While Kenya has recently issued an arrest warrant for Sudan’s President Omar al-Bashir, it is hardly reason for optimism that it will actually be carried out. This serves as a further reminder that international law, in its current state, is impotent to truly bring justice.
Wanted on the charges of crimes against humanity and possible genocide in Darfur, the International Criminal Court (ICC) issued an arrest warrant for Bashir. Discontent with the ruling, the African Union (AU) urged its members not to act on the warrant, arguing that the court was unjustly targeting African nations. As such, numerous ICC member states blatantly refused to arrest the Sudanese president on trips he made to their countries.

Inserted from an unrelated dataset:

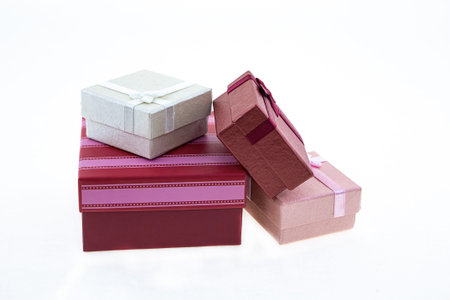 Gifts in holiday boxes on isolated white background, giftbox stacked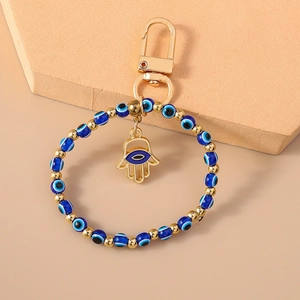 Macro detail of Hamsa hand pendant and blue evil eye beads on golden keychain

Further illustrating the systematic impotence of international law, the warrant is really only applicable if Bashir travels to ICC member states. As such, he has been careful not to make any official trips to member states declaring an intention to carry out the warrant. He has even canceled planned trips if this revelation came to light after official trips had been announced.

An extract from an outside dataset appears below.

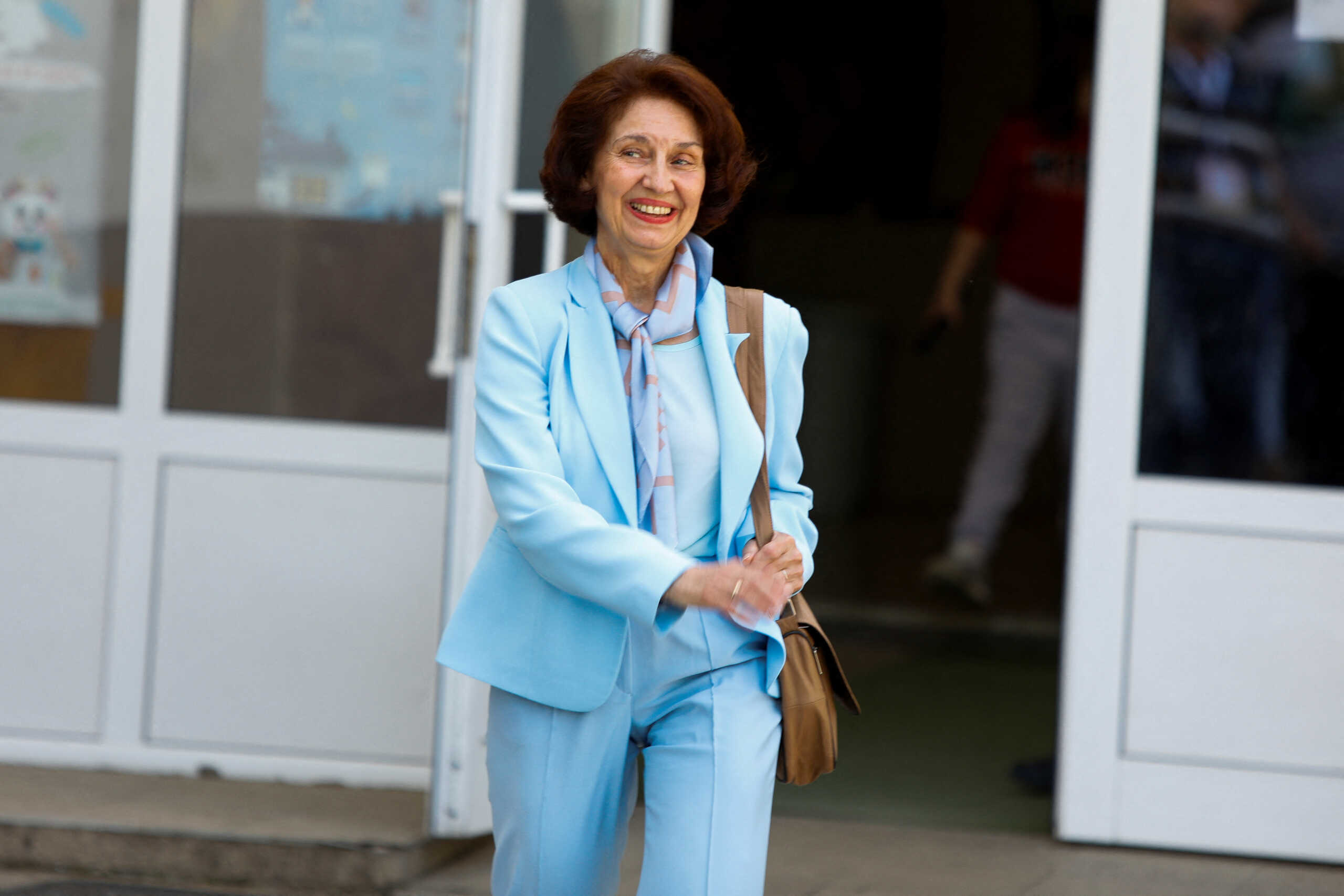 North Macedonia's biggest opposition party VMRO-DPMNE's presidential candidate Gordana Siljanovska-Davkova walks on the day of the parliamentary elections and second round of the presidential elections in Skopje, North Macedonia, May 8, 2024. REUTERS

Kenya, in defiance of the ICC, refused to arrest Bashir on his recent trip to the country. In the wake of his visit, the supreme court of Kenya reneged the agreement with the AU and issued their own arrest warrant for the African leader. Angered by the decision, Bashir has recalled his ambassador to Kenya and expelled Kenya’s ambassador in Khartoum.
This is only heightening already existent tensions between the two nations. Since South Sudan’s independence, Kenya has supported the development of South Sudan’s economy and trading partners, helping South Sudan to bring oil to port in Kenya, bypassing Port Sudan (in Sudan), their traditional export location. This has served to further diminish Sudan’s income since the independence of South Sudan in July and exacerbated by a lengthy stalemate on export terms.
If international institutions, and their member states, are serious about the duties and goals they are tasked with, then serious reform is needed to allow them to be effective in their mandates. Enforcing sanctions or other penalties for member states who fail to adhere to institution decisions will not only prove that agencies such as the ICC are serious about their missions but will help to ensure compliance by member states.